Recently I discovered Steve Pavlina’s website. I checked out a few of his blogs and this is one I wanted to reprint here. On Friday I will post another section of this. His blog entries are quite long and detailed, but I feel some great information.
Thursday 9/9/11 4:30PM… Note: As I created this a few days prior to the post being published, I hadn’t fiinished linking Steve Pavlina’s site here in case you wanted tto check it out. I have done so now, above.
Looking to the Past
If you want to know where your current path is taking you, look to your past. That’s the best way to predict where you’re headed.
Looking to your past is more reliable than looking at your goals and intentions.

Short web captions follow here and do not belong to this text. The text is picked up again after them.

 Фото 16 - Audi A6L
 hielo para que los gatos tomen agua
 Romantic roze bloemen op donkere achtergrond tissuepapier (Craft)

If I want to know where someone is headed, I’ll take a look at their past, especially their recent past, and make a prediction based on that. I don’t need to hear about their goals and intentions — that information isn’t relevant. (I’ll explain why I say this a bit later in this article.) Just let me see what they’ve been up to for the past few months, and that will give me a pretty good idea of where they’ll be in a year or so.
Obviously there’s some randomness in life. There are chaotic events we can’t very well predict. Sometimes the unexpected happens, and it spins our lives in completely new directions.
But most of the time, our lives succumb to predictable patterns, especially in the long run. We may not be able to predict what will happen tomorrow or next week with much accuracy, but barring an unusually consequential chaotic change, our lives tend to be a lot more predictable over longer stretches of time than we usually care to admit.
Eat a little bit more than you burn in an average day, and you’ll be heavier a year from now. The result is fairly predictable, given the patterns observed in the past.
Is your expected future really so difficult to predict, at least in a general way?
If you go to college and major in a subject with little or no market demand in terms of jobs, isn’t it largely predictable that you may struggle to find paying work after graduating… and if you do find work, that it will likely be outside the field of your major?
If you linger in a relationship that you wouldn’t rate as a 9 or 10 on a scale of 1-10, isn’t it predictable that dissatisfaction or resentment or apathy will develop over time, as opposed to love and gratitude?
If you eat unhealthy foods and experience high stress levels, can you not make certain predictions about what kind of lifestyle problems you may experience down the road?
These concepts are about ‘slight edge’ choices and decisions we all make, as described in Jeff Olson’s book The Slight Edge, which we’ve mentioned here before.